Temporal tables was introduced in SQL Server 2016, and is a technique that simplifies keeping track of changed records in a table. The handling of changes of records in a data warehouse dimension table is a good example of when temporal tables can be useful. In this blog post, I’ll cover the basics of temporal tables.
Slowly changing dimensions
The concept of slowly changing dimensions covers different strategies for handling changes in data warehouse dimensions.
As an example to illustrate common problems with dimensions that change over time, say we have a company that is selling cars and trucks. We are selling a car (Volvo XC90) that belong to the product group Private Cars. This product group has been very profitable during the latest years. For instance, the profit for 2015 was 10M.

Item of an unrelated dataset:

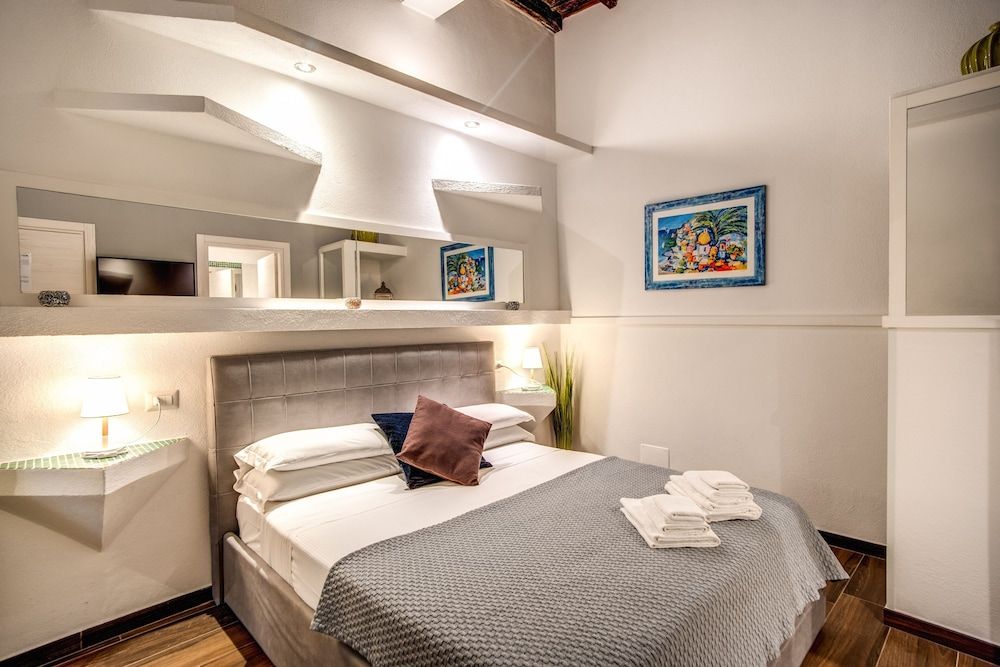undefined Piazza di Spagna Comfort Rooms 4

Now we have decided that the current set of product groups are too coarse, so we will create additional product groups but we also keep the old ones. One of the new product groups is SUV. We decide that the Volvo XC90 belongs to that product group.
Now the question arises how to handle this type of change in our data warehouse dimension for products. The concept of slowly changing dimensions was invented by Ralph Kimball, and there are seven strategies (types) to deal with changes in dimensions.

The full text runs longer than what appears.